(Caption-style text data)
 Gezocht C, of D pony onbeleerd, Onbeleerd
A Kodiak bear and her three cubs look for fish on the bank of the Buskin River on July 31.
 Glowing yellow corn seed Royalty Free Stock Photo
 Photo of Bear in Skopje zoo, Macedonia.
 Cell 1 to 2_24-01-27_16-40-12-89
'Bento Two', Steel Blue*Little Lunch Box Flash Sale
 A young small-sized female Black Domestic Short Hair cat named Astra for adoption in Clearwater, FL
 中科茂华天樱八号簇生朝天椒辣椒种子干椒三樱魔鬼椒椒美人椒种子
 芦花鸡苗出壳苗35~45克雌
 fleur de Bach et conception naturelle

---

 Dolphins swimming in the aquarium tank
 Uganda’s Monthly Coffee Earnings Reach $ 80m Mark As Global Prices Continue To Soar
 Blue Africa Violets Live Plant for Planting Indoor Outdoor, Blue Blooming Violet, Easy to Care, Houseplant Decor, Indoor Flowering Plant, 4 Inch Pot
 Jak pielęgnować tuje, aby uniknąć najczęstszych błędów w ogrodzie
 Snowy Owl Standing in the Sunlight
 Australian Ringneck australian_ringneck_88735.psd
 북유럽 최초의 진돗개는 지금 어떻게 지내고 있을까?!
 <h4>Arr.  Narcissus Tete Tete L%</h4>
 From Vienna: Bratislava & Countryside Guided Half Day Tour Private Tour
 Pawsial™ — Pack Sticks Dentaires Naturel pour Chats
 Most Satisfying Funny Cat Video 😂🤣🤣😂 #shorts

--

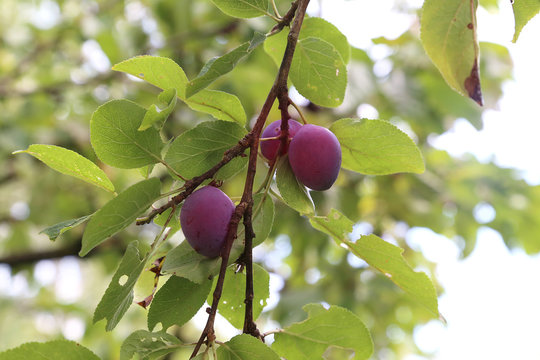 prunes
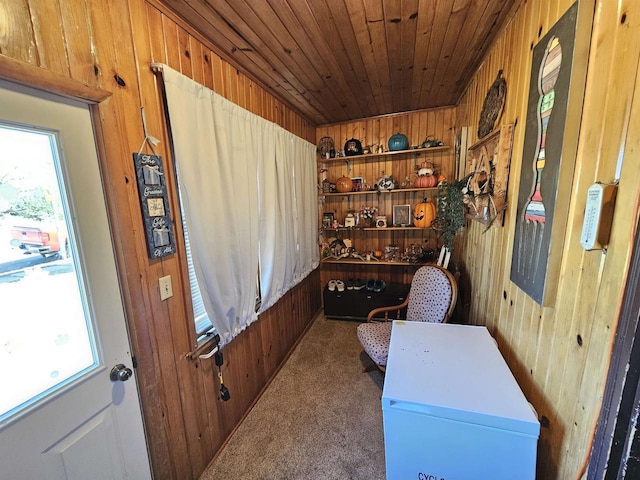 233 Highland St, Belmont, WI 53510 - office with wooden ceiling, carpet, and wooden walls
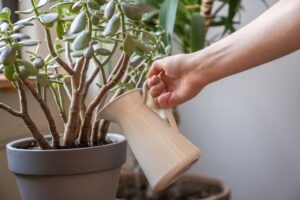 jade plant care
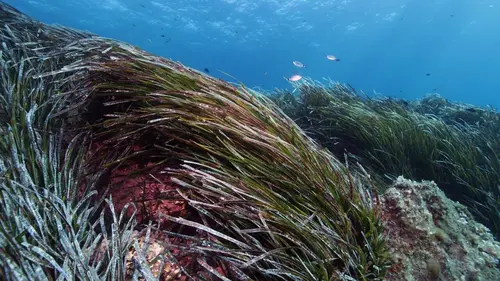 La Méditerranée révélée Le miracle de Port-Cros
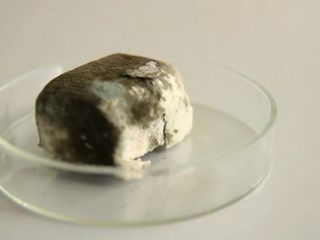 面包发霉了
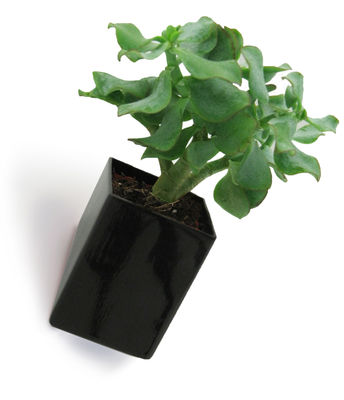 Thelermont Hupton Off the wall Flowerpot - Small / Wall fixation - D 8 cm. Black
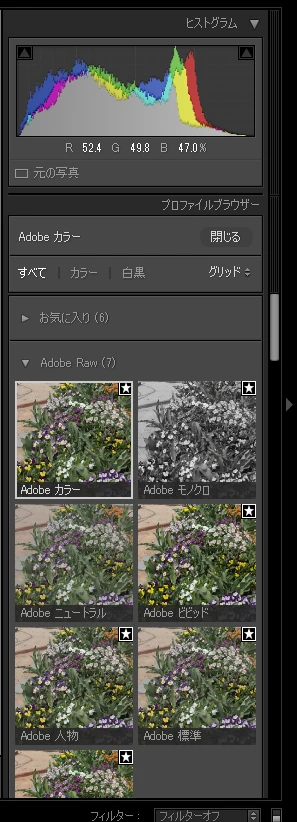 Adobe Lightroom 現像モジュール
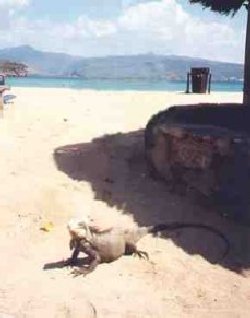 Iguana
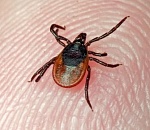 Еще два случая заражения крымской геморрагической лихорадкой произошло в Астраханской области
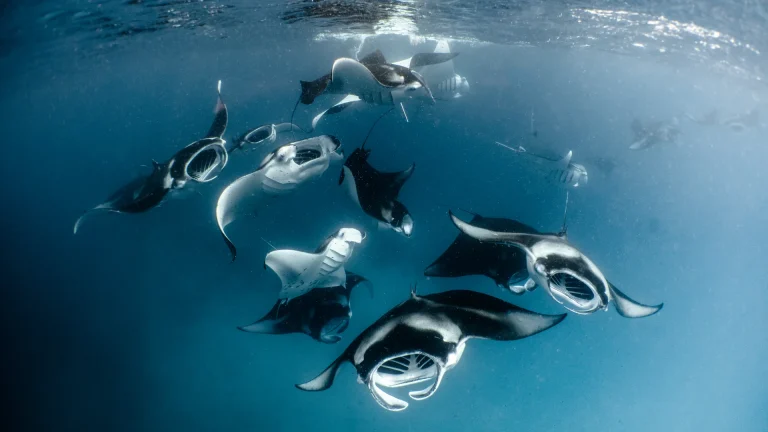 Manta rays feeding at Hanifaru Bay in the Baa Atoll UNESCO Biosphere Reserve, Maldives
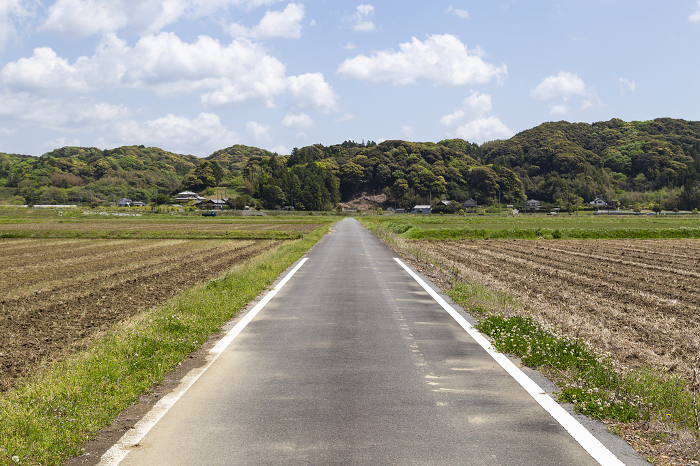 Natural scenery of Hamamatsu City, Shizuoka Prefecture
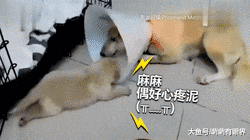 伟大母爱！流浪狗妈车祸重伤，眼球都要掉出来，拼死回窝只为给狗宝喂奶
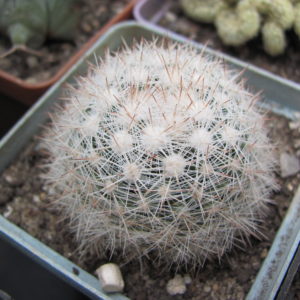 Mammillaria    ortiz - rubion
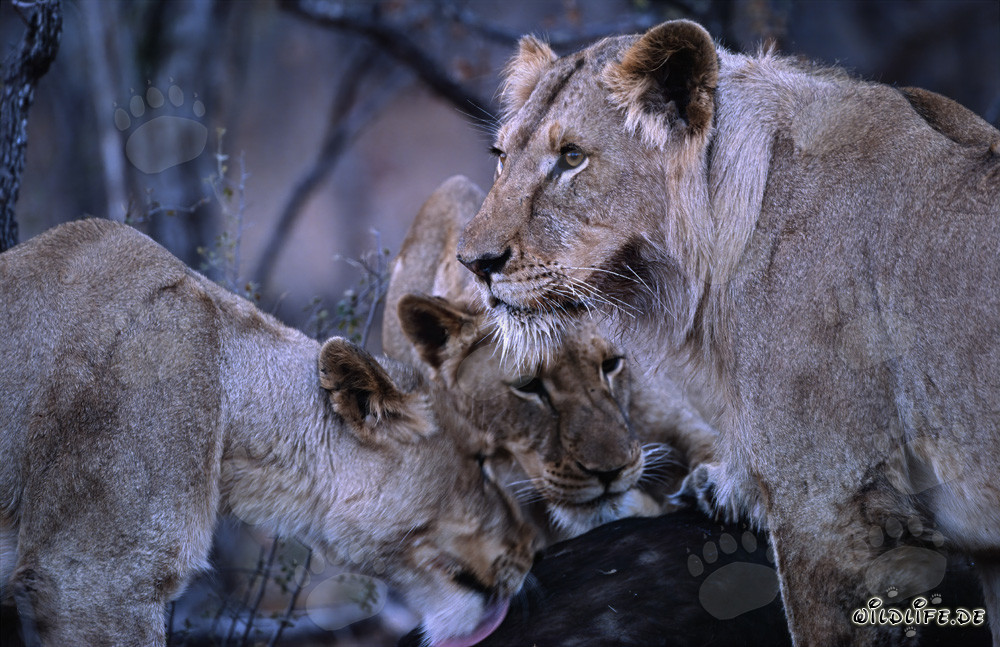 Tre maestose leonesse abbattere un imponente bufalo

_WHAT NEEDS TO BE DONE_:
Exactly the lines above from the one with "Tete Tete L%</h4>" to the one with "Most Satisfying Funny Cat Video 😂🤣🤣😂 #shorts", both included, are to be quoted; leave the rest out.

_SOLUTION TO THIS PROBLEM_:
 <h4>Arr.  Narcissus Tete Tete L%</h4>
 From Vienna: Bratislava & Countryside Guided Half Day Tour Private Tour
 Pawsial™ — Pack Sticks Dentaires Naturel pour Chats
 Most Satisfying Funny Cat Video 😂🤣🤣😂 #shorts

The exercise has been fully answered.